Grundstückskaufvertrag, Gesellschaftsvertrag der Bauherren gemäß einer Anlage zur Urkunde Baubetreuungsvertrag, Belastungen des Grundbesitzes, Bewilligungen und Einträge jeder Art zum Grundbuch, Abruf und Vornahme sowie Entgegennahme von Zahlungen, Abschluß von Darlehensverträgen für die Zwischenfinanzierung und die Endfinanzierung bis zur Höhe des Gesamtaufwands zuzüglich Damnum und Zinsen, Finanzierungsvermittlungsverträge, Bürgschafts- und Ausbietungsgarantievertrag, Zinshöchstkostengarantievertrag und Mietervermittlungsvertrag, wenn und soweit der Treugeber diese Leistungen und Garantien in Anspruch nehmen will und entsprechende Vollmachten bei der Annahme erteilt, übliche Versicherungsverträge, Verwalterverträge sowie weitere zur ordnungsgemäßen Durchführung des Bauvorhabens erforderliche - nicht näher benannte - Verträge.

Weiter heißt es in dem Angebot: ,,Es besteht zwischen den Parteien Einigkeit darüber, daß der Treuhänder für den Treugeber nur den Abschluß und die Durchführung der dem . . . Angebot beigefügten, vorformulierten Verträge mit den dort genannten Vertragspartnern und den Abschluß der Zwischen- und Endfinanzierung übernimmt, unbeschadet des Rechts, die Verträge mit gleichem wirtschaftlichen Inhalt mit anderen Vertragspartnern abzuschließen, wenn ihm dies zur Wahrung der Interessen des Treugebers oder der Bauherrengemeinschaft . . . als zweckdienlich erscheint.
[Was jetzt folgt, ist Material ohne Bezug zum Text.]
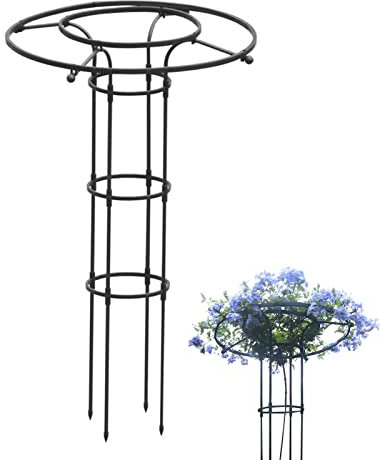 120cm Garten Rankhilfe Metall Ranksäule Für Kletterpflanzen Pflanzen Rankhilfe Blumen Rosen Kletterhilfe Wetterfest Garten Rankgitter Tomatenkäfig Pflanzenstütze Obelisk Für Pflanzen,Tomaten, Rosen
Unter Abschnitt . . . der Angebotsurkunde wird dem Treuhänder das Recht eingeräumt, den Treugeber aus wichtigem Grund aus der Bauherrengemeinschaft auszuschließen." Der Angebotsurkunde waren folgende Anlagen beigefügt:

vorformulierte Annahmeerklärung mit Vollmacht, Bauherrengemeinschaftsvertrag, Baubetreuungs- und Geschäftsbesorgungsvertrag sowie Garantievertrag über die Bauhöchstkosten und den Fertigstellungstermin, Kostenschema für Reihenmittel- bzw. Reihenendhaus in absoluten Beträgen und in Vomhundertsätzen des Gesamtaufwands sowie für Stellplatz und Garage, Planungsvorschlag und Baubeschreibung, Lageplan und Grundstücksbedarf für jede Einheit, Vertrag über Bürgschaft für die Zwischenfinanzierung, Zinskostengarantievertrag, Zwischenfinanzierungsvermittlungsvertrag, Endfinanzierungsvermittlungsvertrag, Ausbietungsgarantievertrag und Mietervermittlungsvertrag.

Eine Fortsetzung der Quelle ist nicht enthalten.